Activity: Copy out, precisely as given, the lines from the line with "Lux Cord A-Line Shirt Jacket" to the end of the entries that follow.

Start of Given records

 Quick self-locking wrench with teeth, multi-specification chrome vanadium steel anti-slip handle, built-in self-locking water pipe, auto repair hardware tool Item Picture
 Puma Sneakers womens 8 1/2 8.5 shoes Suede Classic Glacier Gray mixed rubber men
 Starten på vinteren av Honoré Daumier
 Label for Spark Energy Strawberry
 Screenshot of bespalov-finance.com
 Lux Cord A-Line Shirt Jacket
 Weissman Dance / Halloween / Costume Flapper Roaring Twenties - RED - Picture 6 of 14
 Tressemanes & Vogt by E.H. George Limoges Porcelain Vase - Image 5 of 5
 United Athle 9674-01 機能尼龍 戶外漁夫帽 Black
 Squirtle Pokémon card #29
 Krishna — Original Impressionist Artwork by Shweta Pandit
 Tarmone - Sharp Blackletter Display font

End of Given records

Answer to this exercise:
 Lux Cord A-Line Shirt Jacket
 Weissman Dance / Halloween / Costume Flapper Roaring Twenties - RED - Picture 6 of 14
 Tressemanes & Vogt by E.H. George Limoges Porcelain Vase - Image 5 of 5
 United Athle 9674-01 機能尼龍 戶外漁夫帽 Black
 Squirtle Pokémon card #29
 Krishna — Original Impressionist Artwork by Shweta Pandit
 Tarmone - Sharp Blackletter Display font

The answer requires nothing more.